Stored items from a collection:
= Beginning of Section =

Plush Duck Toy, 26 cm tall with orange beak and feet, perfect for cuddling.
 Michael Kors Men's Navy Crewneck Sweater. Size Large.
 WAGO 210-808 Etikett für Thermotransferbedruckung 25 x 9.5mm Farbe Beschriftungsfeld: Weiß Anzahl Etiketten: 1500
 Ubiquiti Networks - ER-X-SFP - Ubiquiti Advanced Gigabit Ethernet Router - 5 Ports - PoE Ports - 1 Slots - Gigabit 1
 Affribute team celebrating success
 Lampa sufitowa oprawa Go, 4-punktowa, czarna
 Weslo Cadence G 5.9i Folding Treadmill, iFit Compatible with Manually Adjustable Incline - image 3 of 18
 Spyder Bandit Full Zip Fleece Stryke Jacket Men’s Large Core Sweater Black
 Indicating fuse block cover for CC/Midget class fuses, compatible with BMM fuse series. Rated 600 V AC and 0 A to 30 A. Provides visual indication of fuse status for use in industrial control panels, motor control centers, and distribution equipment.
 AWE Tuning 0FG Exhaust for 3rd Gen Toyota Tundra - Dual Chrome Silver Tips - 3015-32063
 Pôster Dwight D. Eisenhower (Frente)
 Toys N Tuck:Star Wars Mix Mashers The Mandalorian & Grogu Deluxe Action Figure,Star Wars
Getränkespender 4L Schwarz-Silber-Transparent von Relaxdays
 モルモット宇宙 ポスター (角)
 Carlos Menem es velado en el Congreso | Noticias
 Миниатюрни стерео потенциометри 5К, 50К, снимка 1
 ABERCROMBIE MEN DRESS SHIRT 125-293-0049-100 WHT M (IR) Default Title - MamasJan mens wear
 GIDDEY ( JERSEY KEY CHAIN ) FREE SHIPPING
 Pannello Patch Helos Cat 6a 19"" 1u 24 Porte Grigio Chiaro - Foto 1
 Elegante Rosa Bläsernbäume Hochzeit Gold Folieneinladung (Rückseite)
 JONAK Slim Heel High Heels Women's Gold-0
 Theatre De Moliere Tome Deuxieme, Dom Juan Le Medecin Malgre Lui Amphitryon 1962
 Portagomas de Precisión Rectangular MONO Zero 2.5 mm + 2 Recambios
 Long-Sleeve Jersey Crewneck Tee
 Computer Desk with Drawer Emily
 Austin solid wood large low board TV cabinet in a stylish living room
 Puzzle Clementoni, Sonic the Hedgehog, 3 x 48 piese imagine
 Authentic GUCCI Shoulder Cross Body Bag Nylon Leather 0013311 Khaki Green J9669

= End of Section =

» What the exercise asks: Print each line, starting with the one that contains "Computer Desk with Drawer Emily" and ending with the last line of the data, exactly as it stands and with no other lines.

» Written solution:
 Computer Desk with Drawer Emily
 Austin solid wood large low board TV cabinet in a stylish living room
 Puzzle Clementoni, Sonic the Hedgehog, 3 x 48 piese imagine
 Authentic GUCCI Shoulder Cross Body Bag Nylon Leather 0013311 Khaki Green J9669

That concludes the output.